» **What to work on**
Skip the pictures. Set down, word for word, the lines from the start of the material up to and including the line with "So first of".

» **Dataset section**
+++

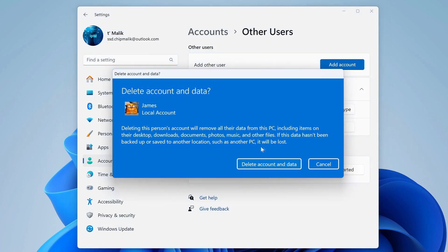I have already saved the necessary files in another location and click Delete Account and all its data.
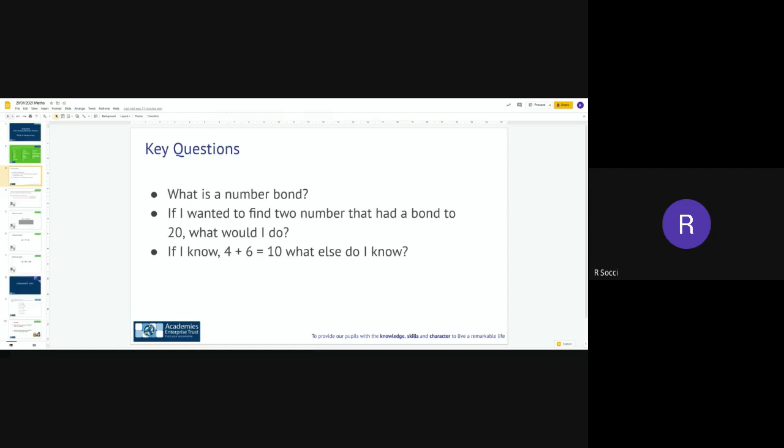So first of all, what is a number bond, or a number pair? Sometimes we call them a number pair but we're going to be calling them number bonds today. What is a number bond? If I wanted to find two numbers that had a bond to 20, what would I do? How could I work out a number bond to 20? And if I know that my number bond to 10 is 4 add 6, what else do I know? Okay, so that's what we're going to be looking at today.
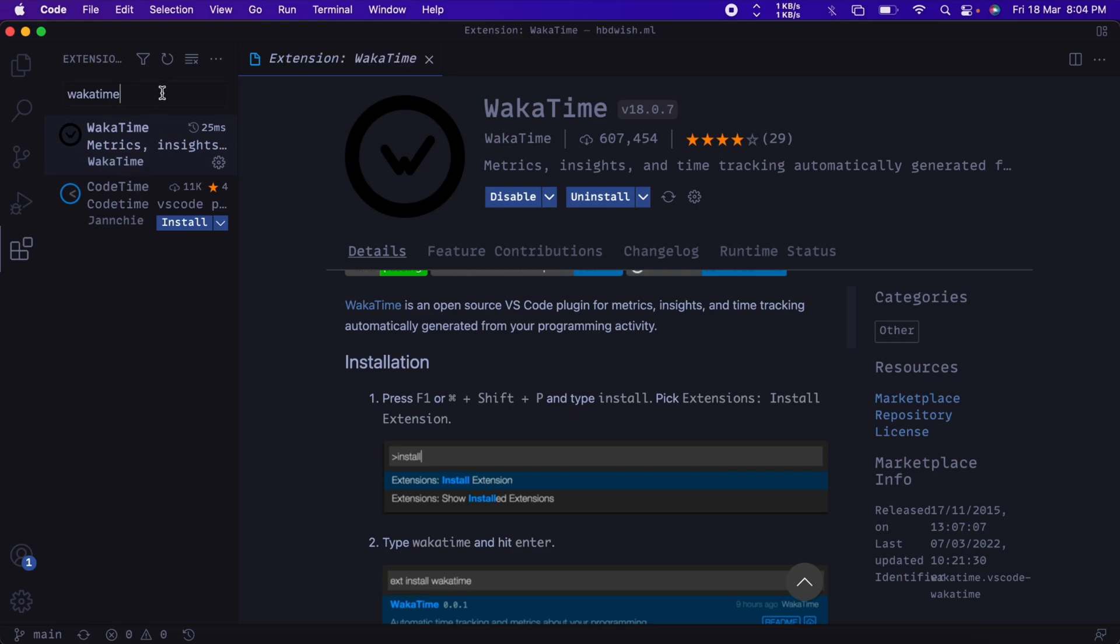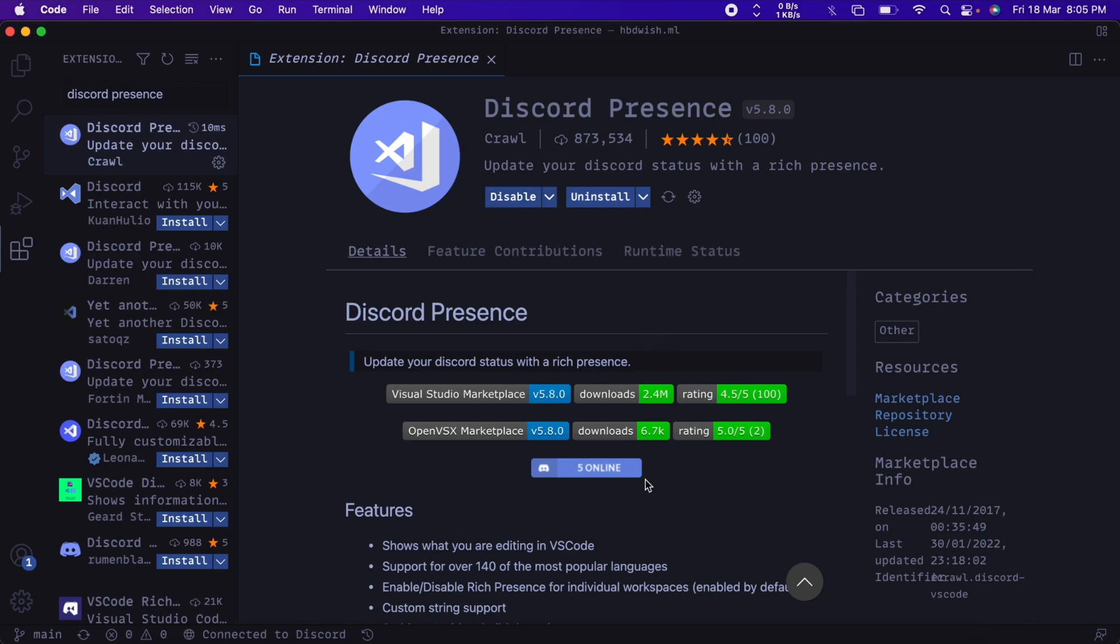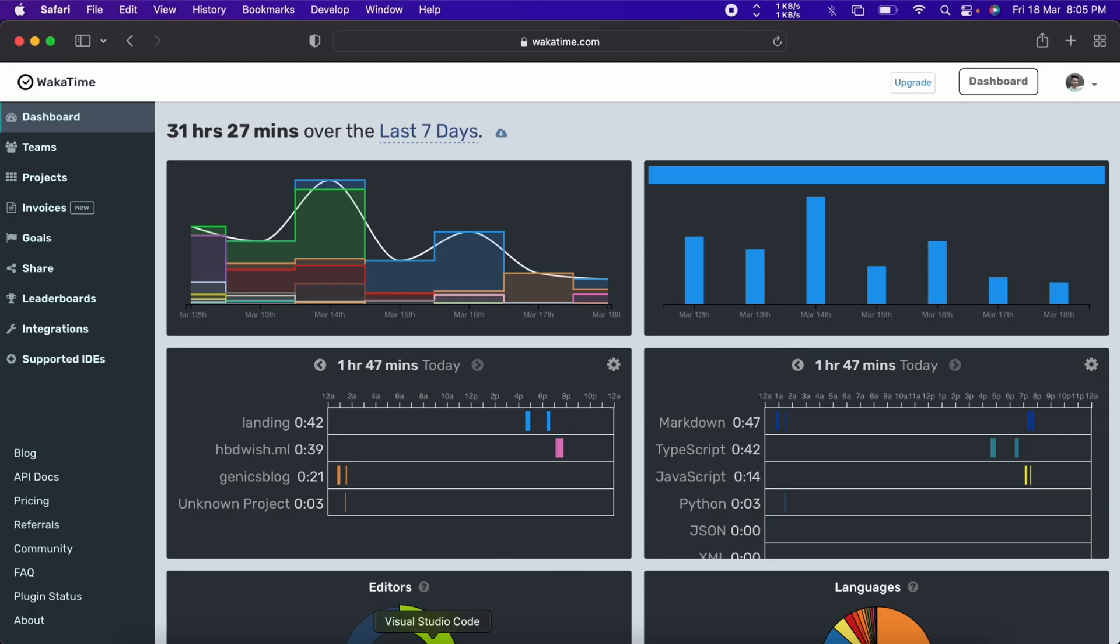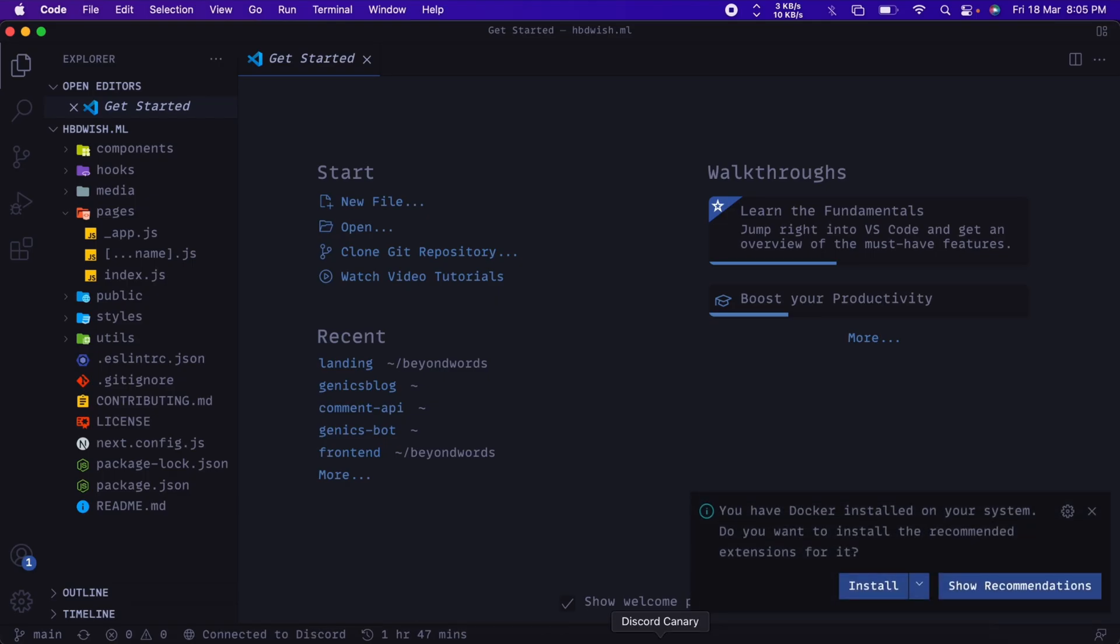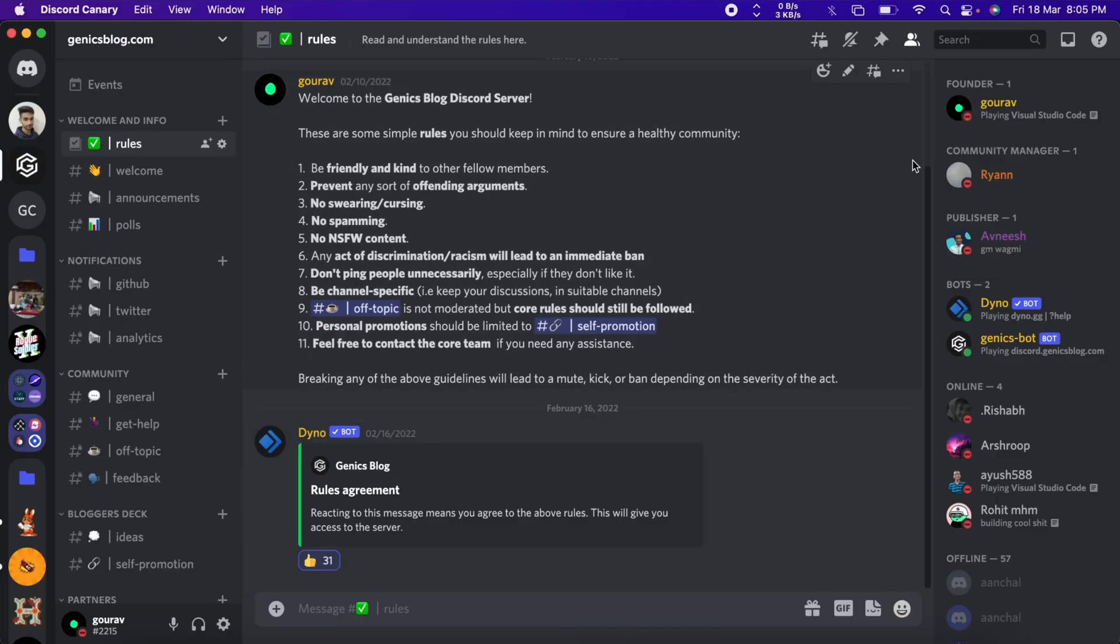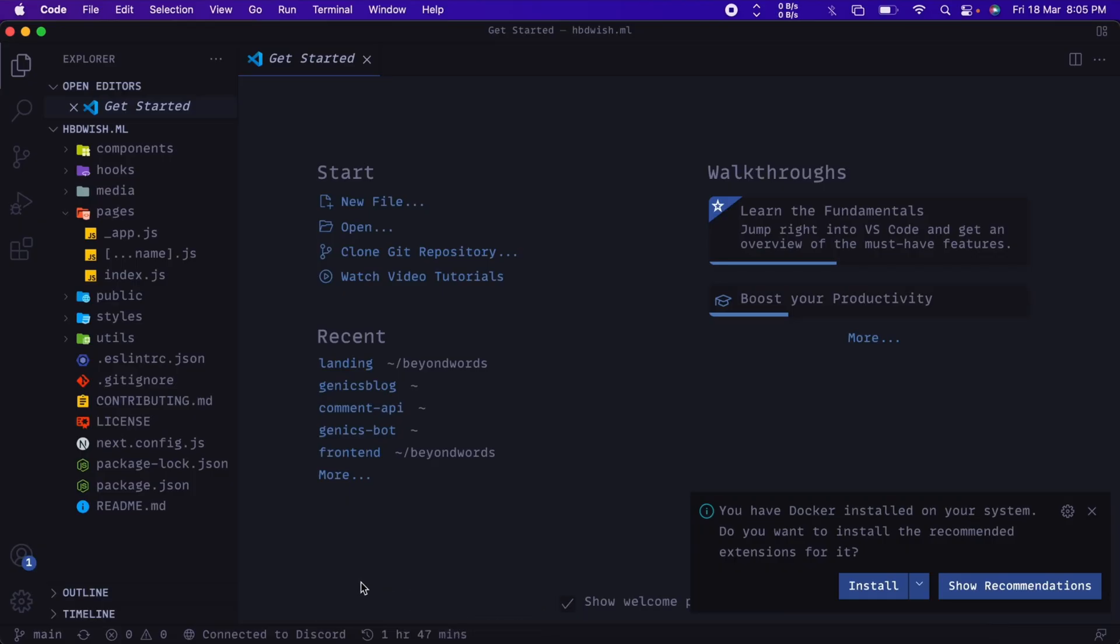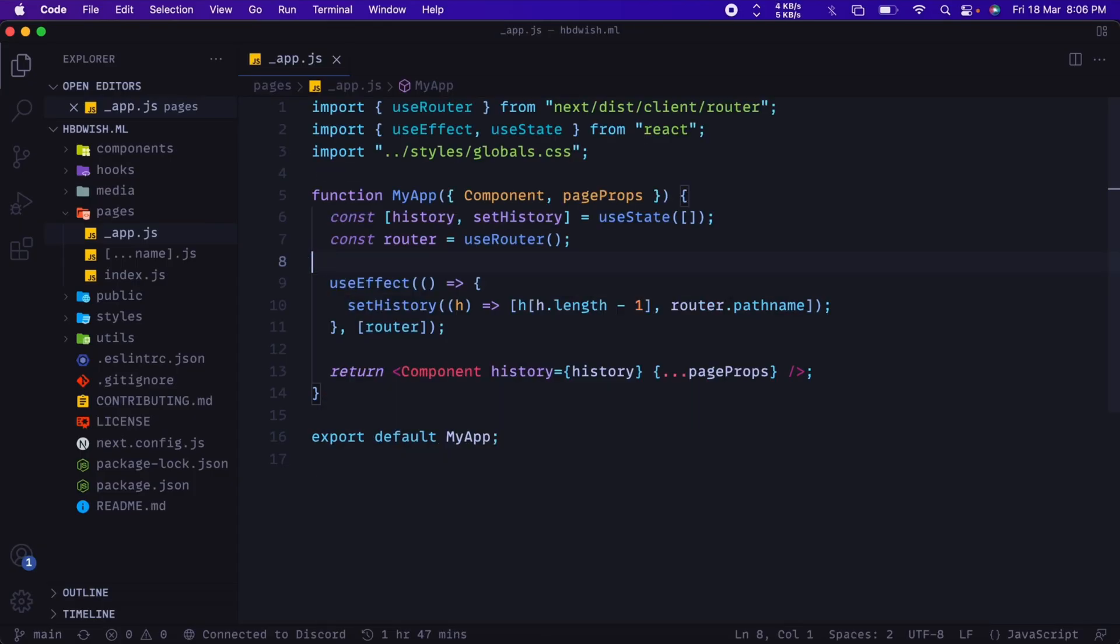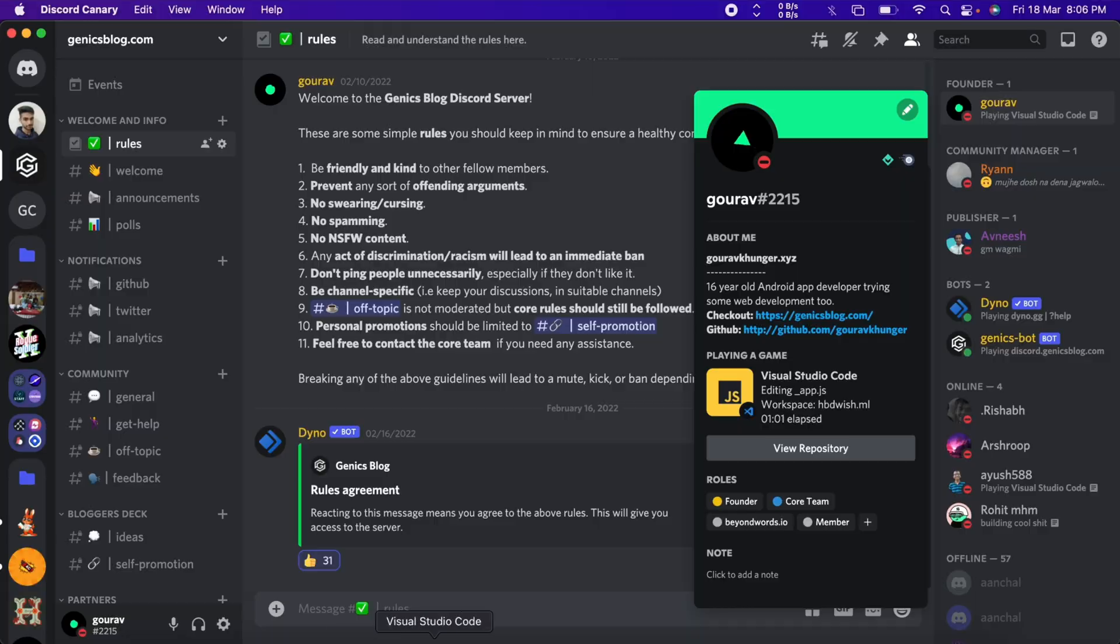So the next extension would be Discord Presence, because of course we want to flex on our friends to show them how long we have been working on our projects. So just go ahead and install Discord Presence. What this extension does is—I'll show you by reloading VS Code. So I close VS Code and reopen it. As soon as I reopen it, it would show on the bottom screen that it's connected to Discord. So whenever I come to Discord and check, it just started showing me that I'm active on Visual Studio Code. So let's say I just start editing this file. It would show that I'm working on app.js file over the workspace, and the person who is watching my profile can press the View Repository and just check what project I'm working on.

+++

» **Answer box**
I have already saved the necessary files in another location and click Delete Account and all its data.
So first of all, what is a number bond, or a number pair? Sometimes we call them a number pair but we're going to be calling them number bonds today. What is a number bond? If I wanted to find two numbers that had a bond to 20, what would I do? How could I work out a number bond to 20? And if I know that my number bond to 10 is 4 add 6, what else do I know? Okay, so that's what we're going to be looking at today.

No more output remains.